● EXERCISE AIM:
All lines in the records below from the line with "Looking out to" through the line with "paper banner garland" are to be given again exactly, both ends included; the pictures are to be left out.
________________________________________
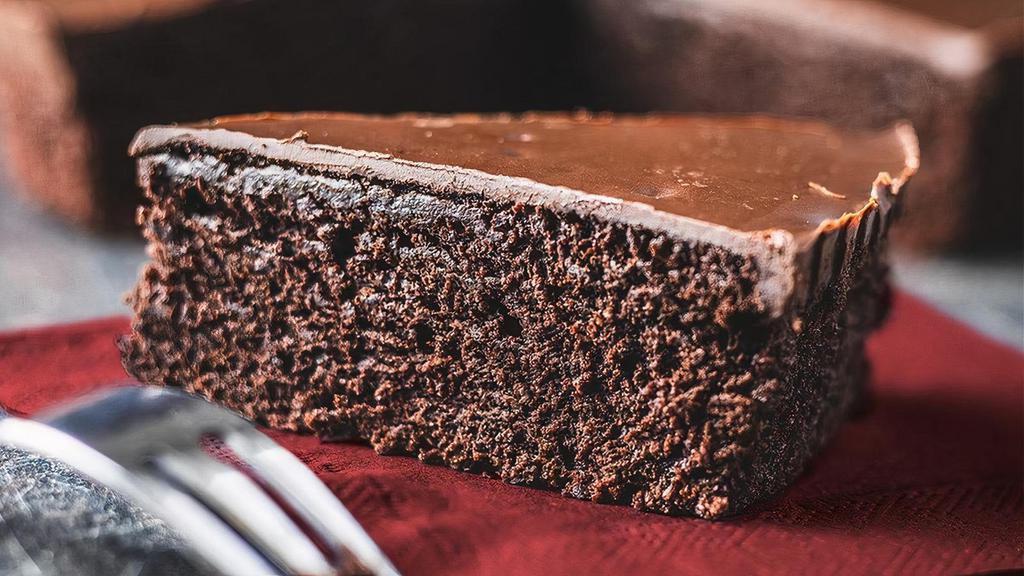 Chocolate Flourless Torte · A decadent flourless blend of four chocolates topped with a ganache. A timeless recipe that is naturally gluten-free.
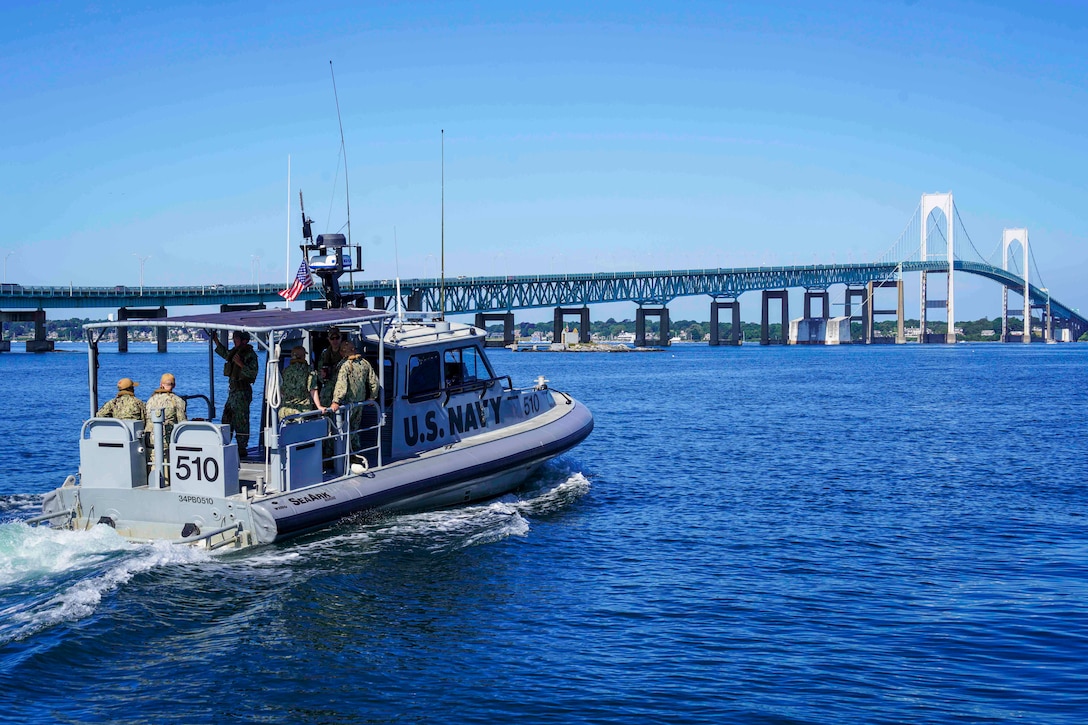 Sailors and college personnel ride in a small boat toward a bridge against a blue sky.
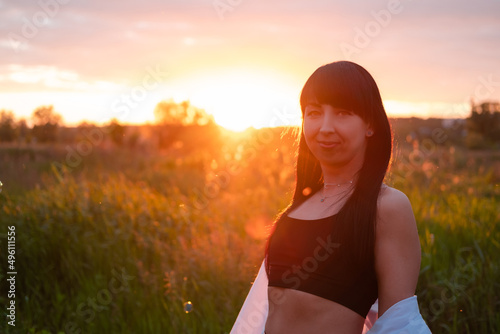 brunette woman in white blouse with baldric on summer field on sunset. peaceful time. millennial generation. calm female photo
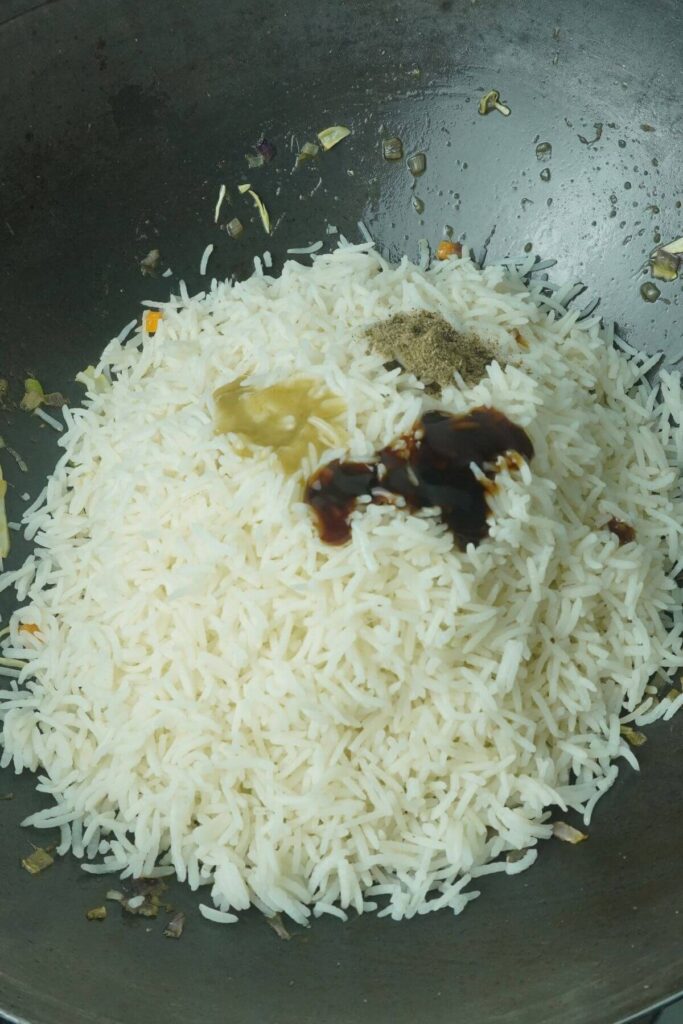 easy veg fried rice recipe add rice with other spices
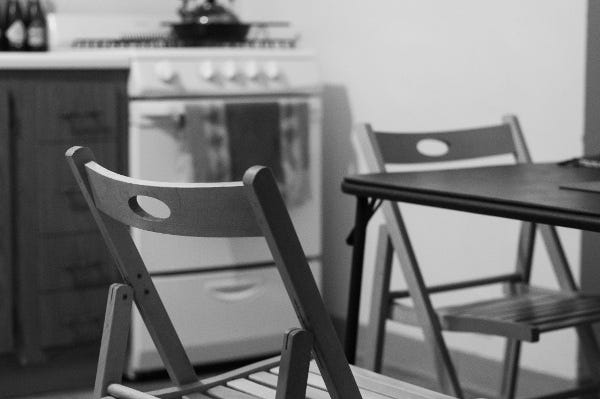 black and white photograph of two unoccupied wooden folding chairs at a folding table. behind the chairs and table (and out of focus) is a stove-oven with a tea kettle and a cast-iron skillet sitting on the burners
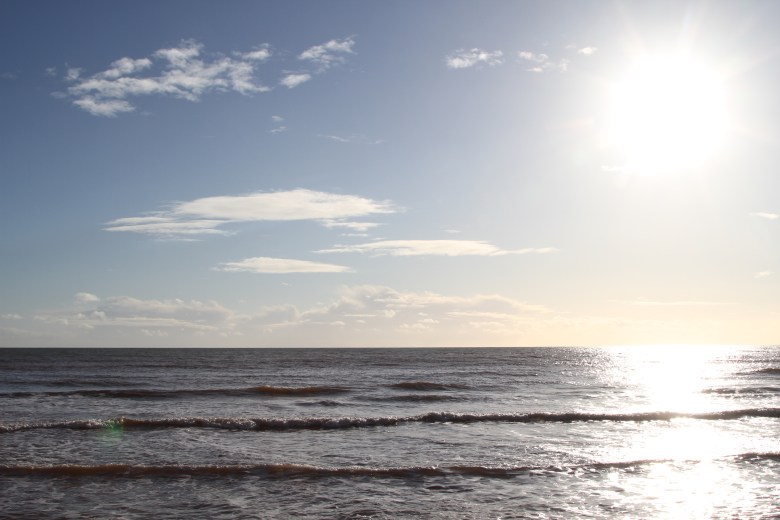 Looking out to sea and seeing small waves approaching the shore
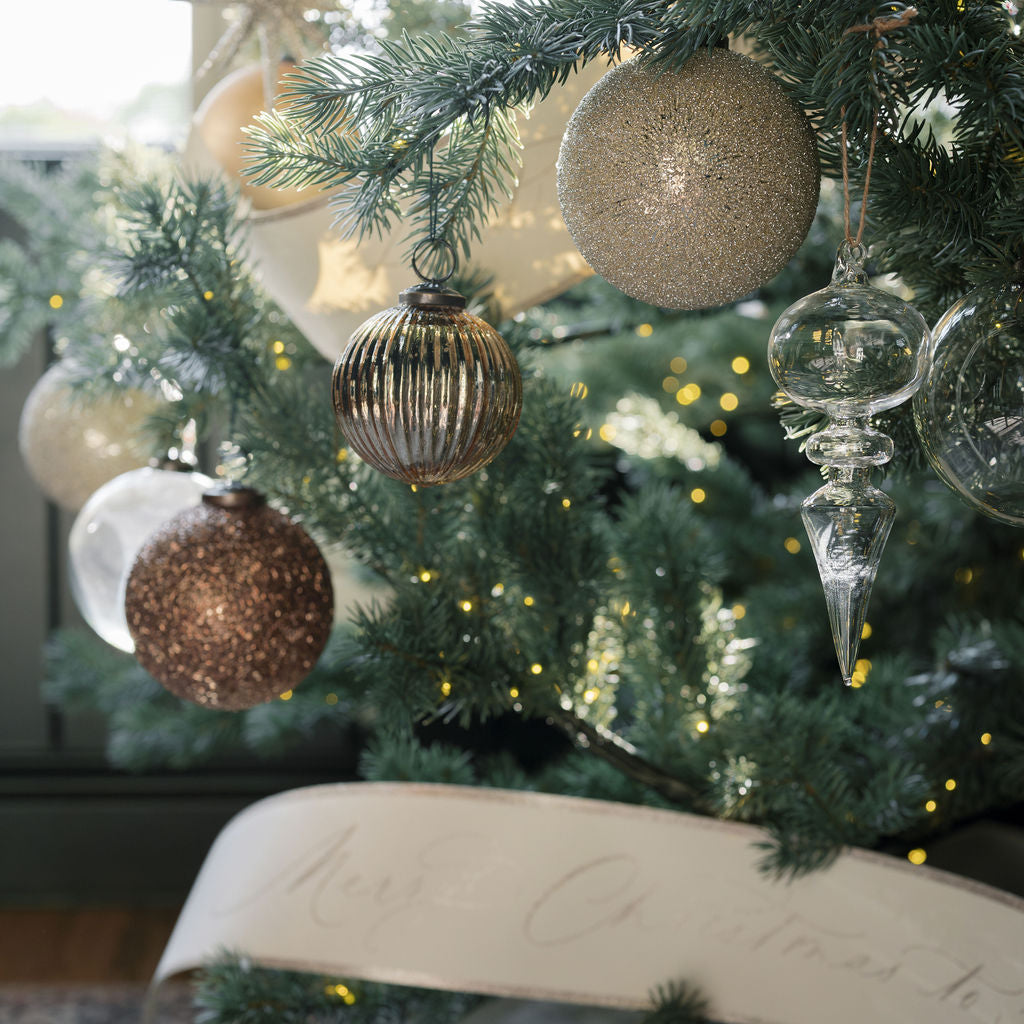 4" Beaded Cream Glass Ornament - Set of 4 closeup with a selection of Mindight Star ornaments and paper banner garland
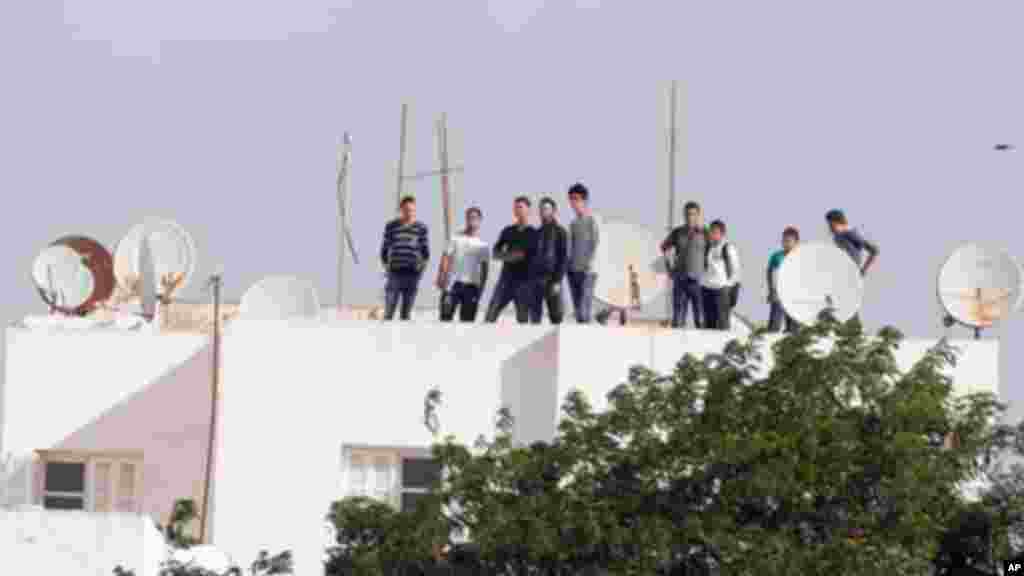 Des jeunes tunisiens, debout sur un toit, regardent les opérations policières en cours après une fusillade avec des militants dans la banlieue Oued Ellil de Tunis, Tunisie, le jeudi 23 octobre 2014. Un agent de sécurité a été tué dans lae fusillade. (AP Photo/Aimen Zine) 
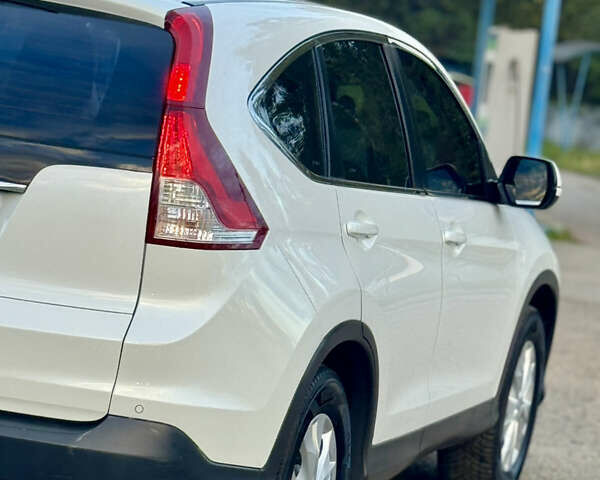 Хонда СРВ 2014 в Калуше на Automoto.ua Белый Хонда СРВ, объемом двигателя 1.6 л и пробегом 191 тыс. км за 14900 $, фото 20 на Automoto.ua
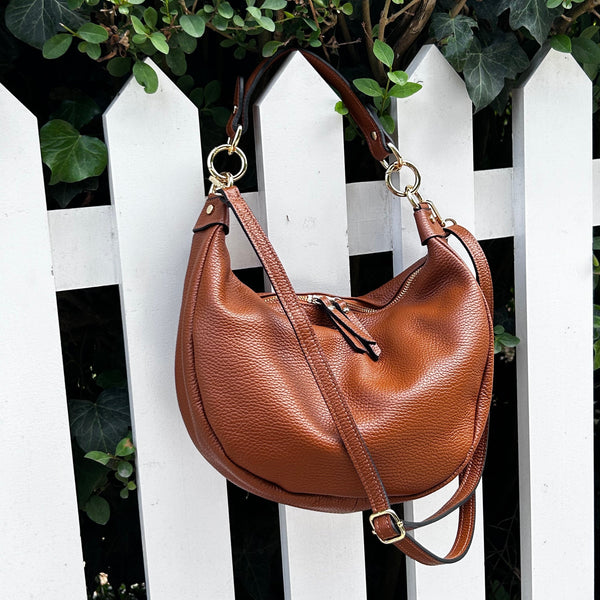 A brown pebbled leather crescent-shaped shoulder bag with a top handle and adjustable crossbody strap, hanging in front of a white picket fence with green ivy in the background.
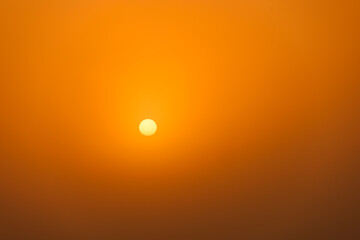 rising sun on clear golden gradient sky with visible spots in the sun, without horizon,...
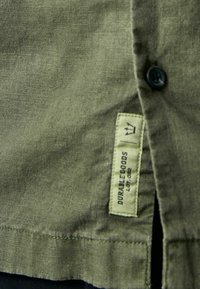 Olivově zelená košile vyrobená z texturované tkaniny, s černým knoflíkem a štítkem, na kterém je světle zeleným písmem napsáno "DURABLE GOODS LOT 002".
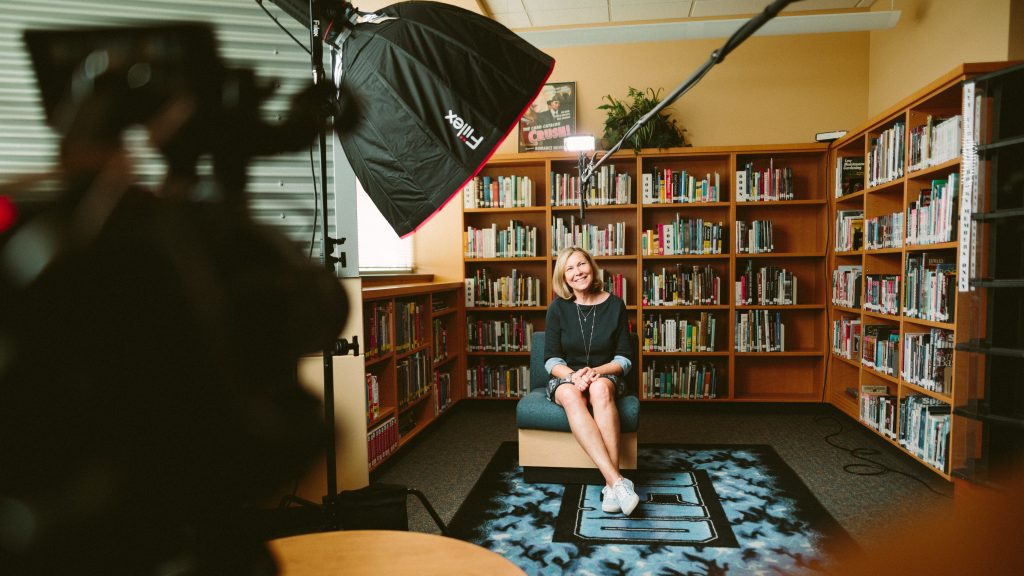 woman sitting in front of a camera with a bookshelf in the background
________________________________________
● OUTPUT OF THE EXERCISE:
 Looking out to sea and seeing small waves approaching the shore
 4" Beaded Cream Glass Ornament - Set of 4 closeup with a selection of Mindight Star ornaments and paper banner garland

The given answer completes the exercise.